LA VALLEE (JACMEL), 20 Décembre – Haïti n’a jamais manqué à un rendez-vous quand il s’agit de la lutte pour l’émancipation des peuples. Pourtant on apprend que notre pays a été absent lors du récent vote d’une résolution de l’OEA (Organisation des Etats Américains) ‘rejetant la violence en Bolivie et appelant au plein respect des droits des peuples autochtones dans l’Etat Plurinational de Bolivie.’
‘Prenant note des graves préoccupations relatives à la situation des droits de la personne, y compris la violence de façon raciste et discriminatoire, exprimée par la Commission Interaméricaine des droits de l’homme dans ses interventions préliminaires, le 10 décembre 2019, après sa visite en Bolivie.
‘Les peuples autochtones ont le droit de ne pas faire l’objet de racisme, de discrimination raciale, de xénophobie et d’autres formes connexes d’intolérance. Les Etats adoptent les mesures préventives et correctives nécessaires pour garantir pleinement et efficacement la protection de ce droit.
‘Considérant l’importance d’éliminer toutes les formes de discrimination raciale et/ou de violence susceptible d’en résulter, qui pourraient toucher des citoyens des Amériques, y compris, et en particulier, les peuples autochtones, et prenant en compte la responsabilité des Etats de les combattre …’ Etc.
Et voici les résultats du vote de cette Résolution par les pays membres de l’OEA : 18 pays du continent Américain ont voté pour (dont les 13 pays de la Caraïbe ou Caricom) ; 4 pays ont voté contre dont les Etats-Unis, la Colombie, la Bolivie (ou gouvernement bolivien actuel suite au renversement du président, lui-même d’origine autochtone Evo Morales) et le Venezuela ou plutôt le président de facto Juan Guaido.
Un seul pays absent, dont le siège est resté vide : Haïti.
Bien entendu pour faire plaisir au président américain Donald Trump, voici Haïti capable de se renier, de renier ses origines.

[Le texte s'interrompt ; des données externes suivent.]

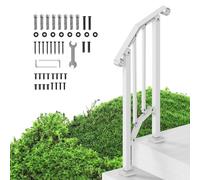 VEVOR Pasamanos para Escaleras 1-2 Escalones Barandillas de Acero al Carbono de Transición con Kit de Instalación Barandillas para Escalones de Hormigón, Porches, Terrazas, Arco Retro, Blanco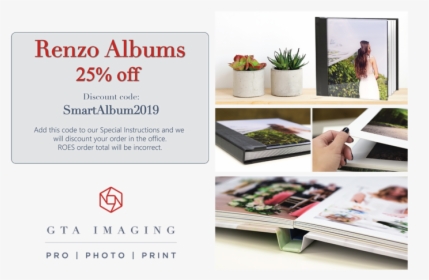 25% Off Renzo Photo Albums With Gta Imaging And Smartalbums - Table, HD Png Download, Transparent PNG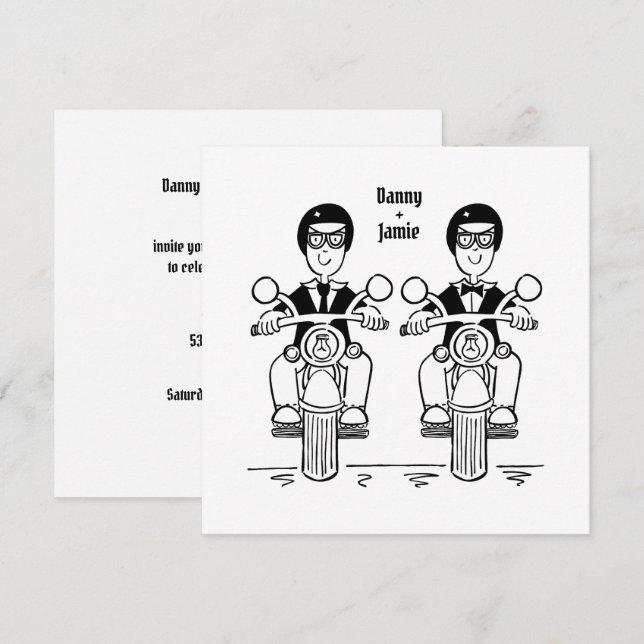 Convite Casamento da Noite da Motocicleta Personalizada de (Frente/Verso)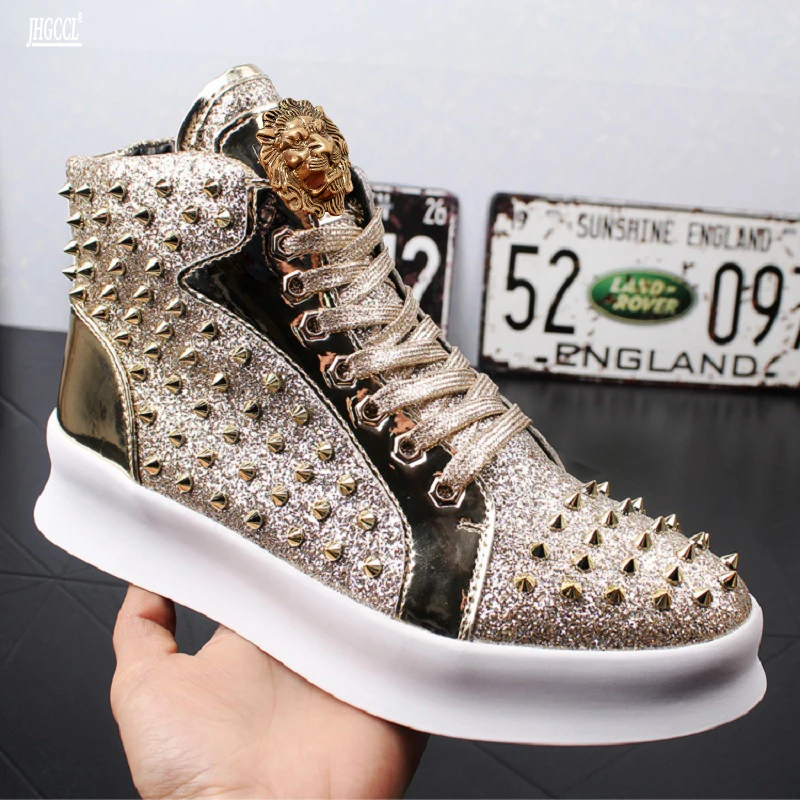 Мужские повседневные ботинки на плоской подошве с блестками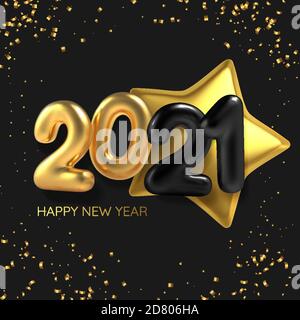 3D realistischer Beschriftungsballon 2021 und goldener Stern auf schwarzem Hintergrund. Vektorgrafik. Stock Vektor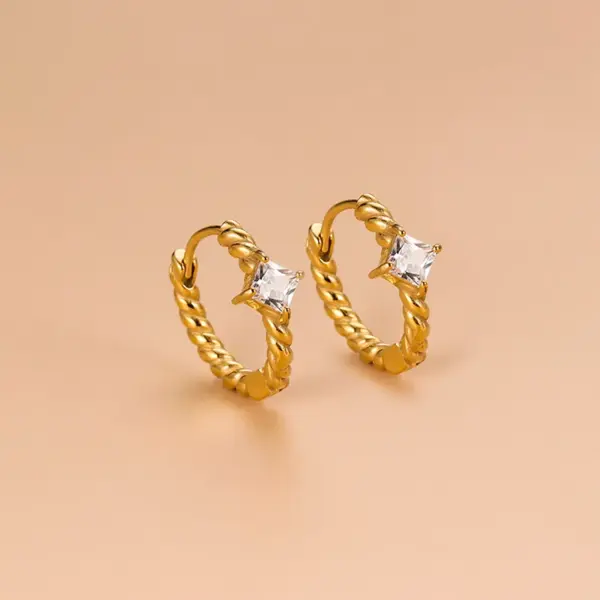 Wholesale 1 Pair Fashion Geometric Gold Plated 304 Stainless Steel Zircon Stainless Steel Earrings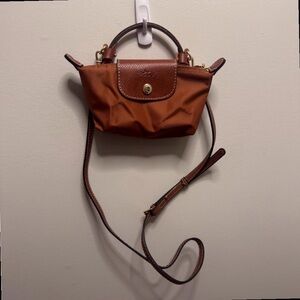 Longchamp Le Pliage XS Cognac Crossbody Pouch - New! ★ Authentic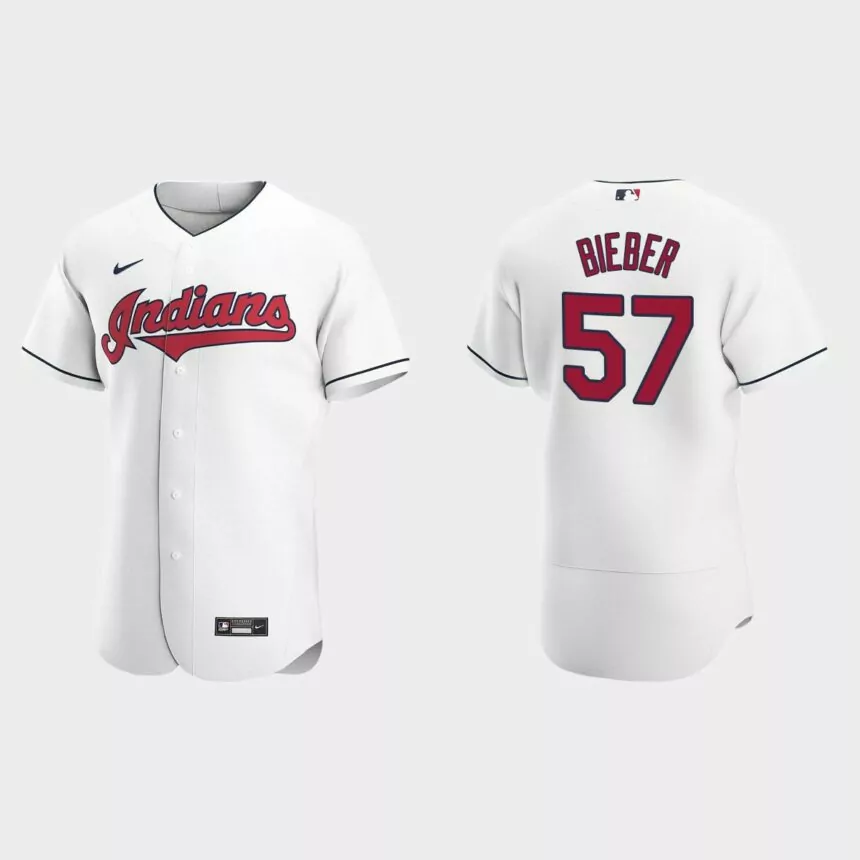 Men’s Cleveland Indians Shane Bieber 2020 Home Authentic Jersey – White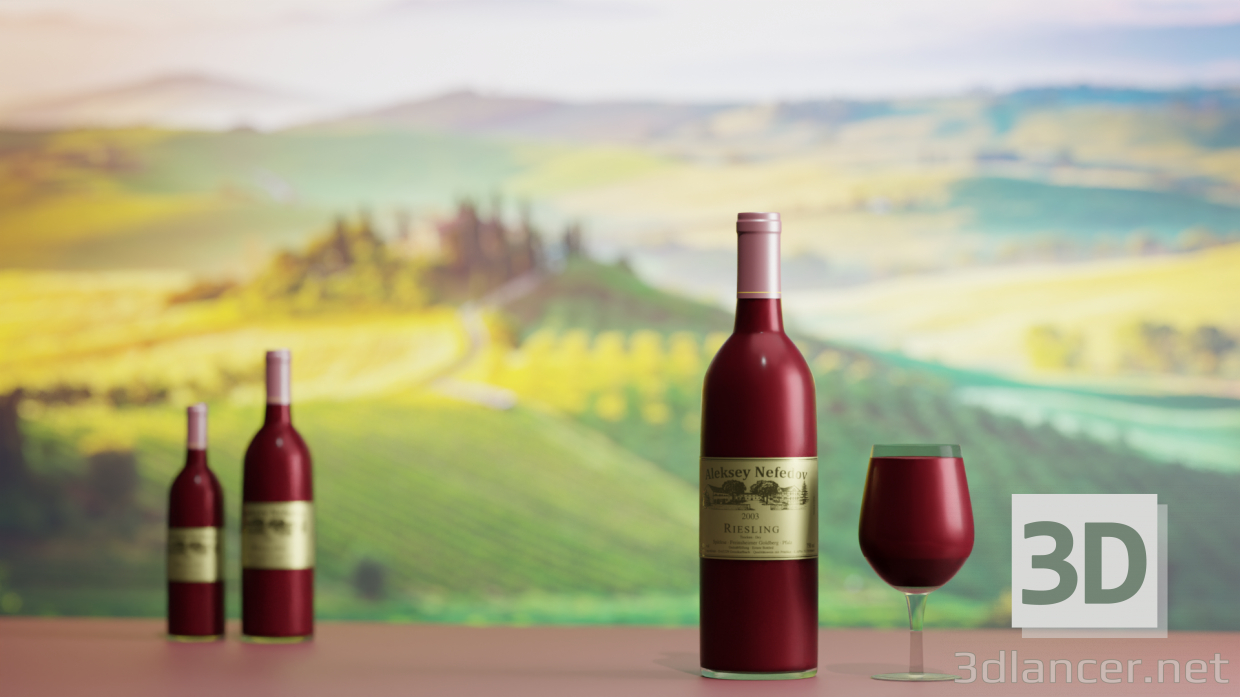 3d Wine bottle and wine glass model buy - render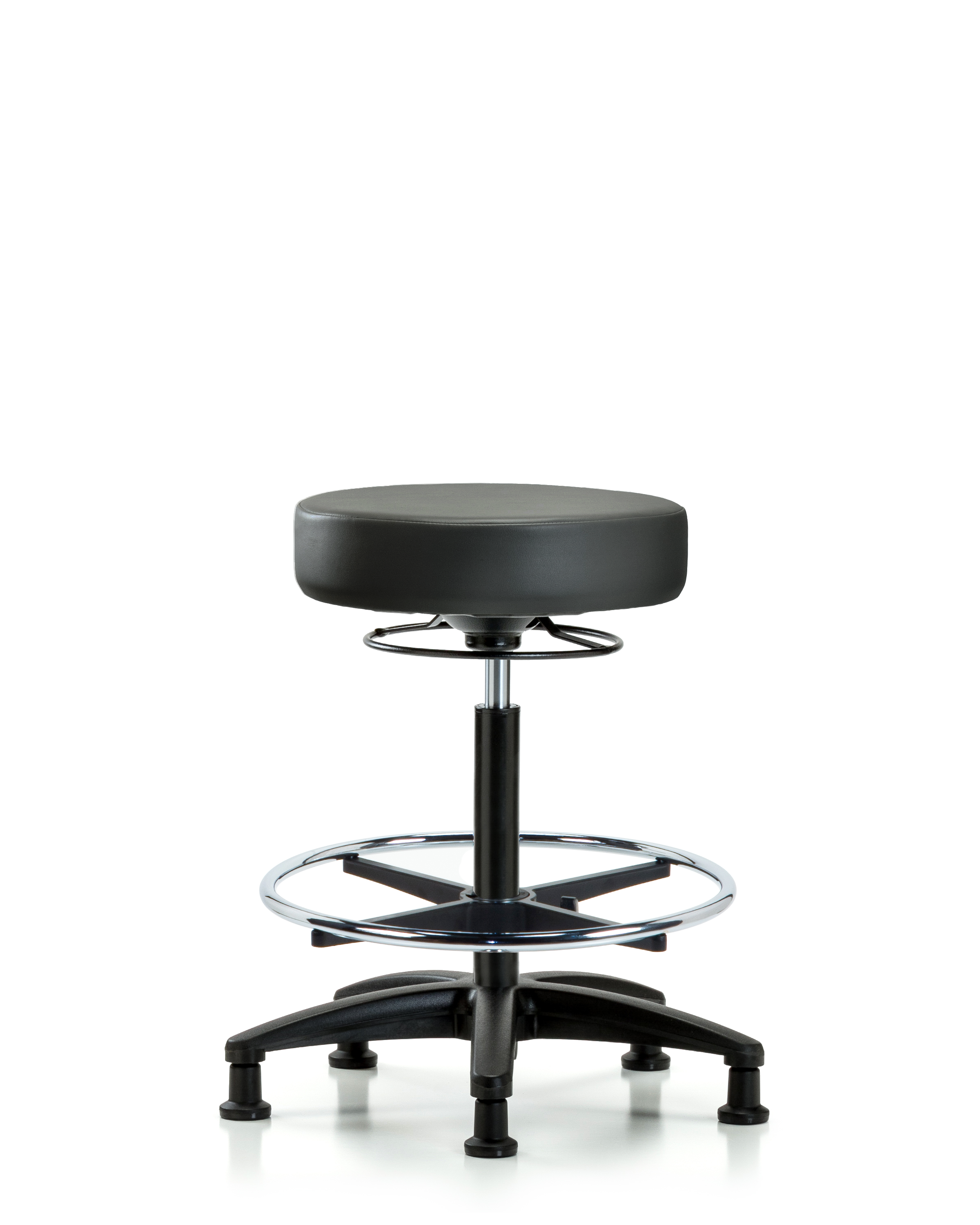 Rutledge Vinyl Stool without Back - High Bench Height with Chrome Foot Ring & Stationary Glides in Carbon Supernova Vinyl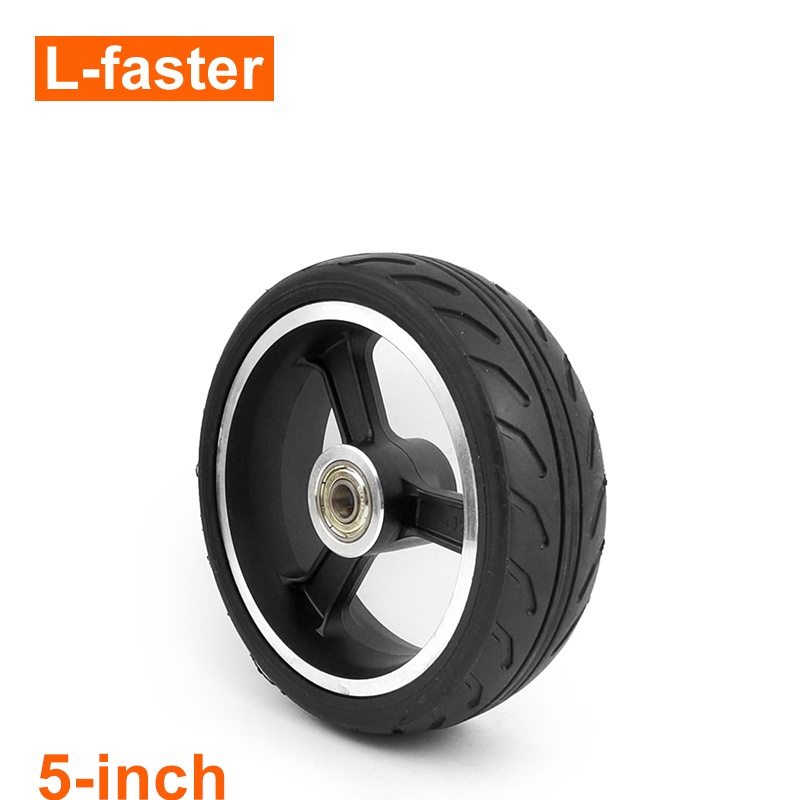 5x2 實心 5 英寸無內胎橡膠輪胎鋁輪轂替換輪適用於手推車踏板車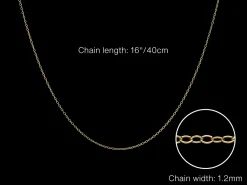 9ct Yellow Gold 1.2mm Oval Trace Chain 16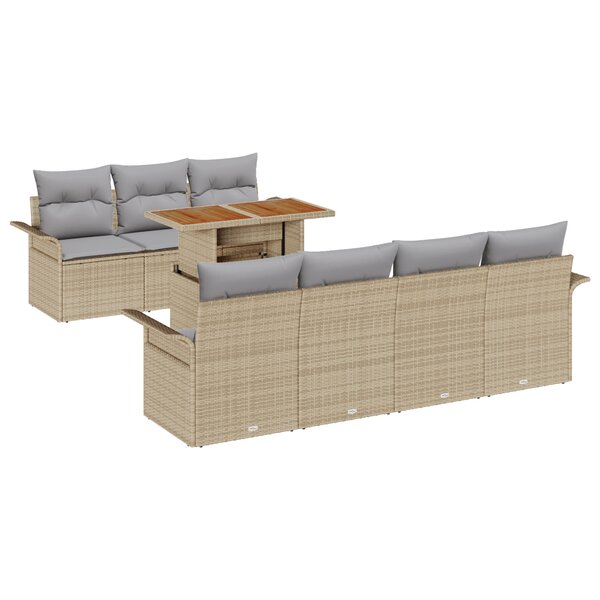 vidaXL Ensemble de canapé de jardin 8 pièces avec coussins Beige Polyrotin Acacia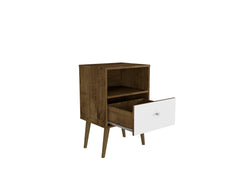 Liberty Nightstand 1.0 in Rustic Brown and White - Ornate Home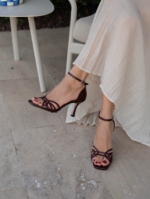 DONK Brown Patent Leather Women's Heeled Sandal - Image 3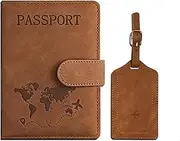 [Aussi Valup] Travel Wallet & Passport Holder - Leather Passport Wallet for Men & Women, Family Passport Cover, Travel Organizer for ID & Credit Cards,Perfect for Plane Trips, Journeys & Tours (Brown)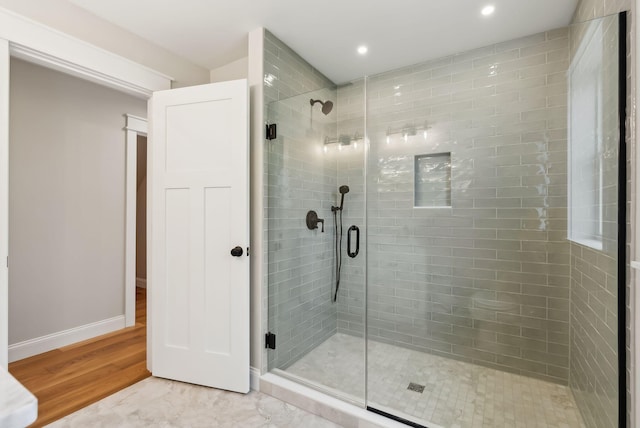 31 Emerson Way, Scarborough, ME 04074 - full bathroom with a shower stall, recessed lighting, and wood finished floors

Cette Haïti dont notre Toto Bissainthe chante ‘se manman libète’, ajoutant ‘si l tonbe la leve.’


Parcourons serait-ce rapidement l’Histoire dans ce domaine de ce pays-là :
Aucun d’entre nous n’ignore que la lutte d’indépendance du Venezuela et de nombreux autres Etats latino-américains est associée à l’asile accordé par le président de la République d’Haïti, Alexandre Pétion à Simon Bolivar en 1815.
En créant l’Accord Petrocaribe, feu le président Hugo Chavez exprimait sa volonté de retour à un certain nombre de valeurs héritées de Bolivar comme le nationalisme et la solidarité panaméricaine comme réaction à l’impérialisme …
Faut-il rappeler qu’Haïti est un membre fondateur de l’Organisation des Nations Unies (ONU) depuis 1945.
En 1948, Haïti joue un rôle clé dans la rédaction de la Déclaration universelles des droits de l’homme (DUDH), notamment grâce au sénateur haïtien Emile Saint-Lot, rapporteur du comité de rédaction de la DUDH.
Haïti fait également partie des premiers pays à rejoindre l’UNESCO dès 1946.
Qui ne se rappelle la phrase combien prémonitoire du chef de la Délégation d’Haïti à la Société des Nations (ancêtre des Nations Unies), le Général Alfred Nemours après l’invasion de l’Ethiopie par l’Italie fasciste (1935) : ‘Craignons d’être un jour l’Ethiopie d’un autre.’
Peu après l’Allemagne nazie envahissait la Pologne, etc., puis la France.
En mars 2010, une exposition intitulée ‘Juifs et Haïtiens : une histoire oubliée’, organisée à Montréal, présenta la relation entre les deux communautés comme une dette d’honneur contractée pendant la Seconde Guerre mondiale : l’asile offert aux Juifs européens forcés à l’exil.
Au lendemain du séisme du 12 janvier 2010 qui fit plus de 200.000 morts en Haïti, Fidel Castro écrit : ‘plus personne ne semble se rappeler que Haïti a été le premier pays où 400.000 Africains victimes de la traite et de l’esclavage des Européens se soulevèrent contre 30.000 Blancs (…) déclenchant la première plus grande révolution sociale sur notre continent.’
Cet oubli dont parle Fidel Castro ne toucherait-il pas aujourd’hui nos propres dirigeants ?
Ceux qui pour ne pas déplaire à l’actuel locataire de la Maison Blanche (qui n’en demande probablement pas tant, trop occupé à ses propres problèmes de mise en accusation pour abus de pouvoir et autres) ont choisi de déserter un vote qui traditionnellement aurait été présidé par notre pays lui-même.
Toute la Caricom (13 pays membres) ont voté pour.
Haïti a choisi de se dissimuler. Dans sa propre honte.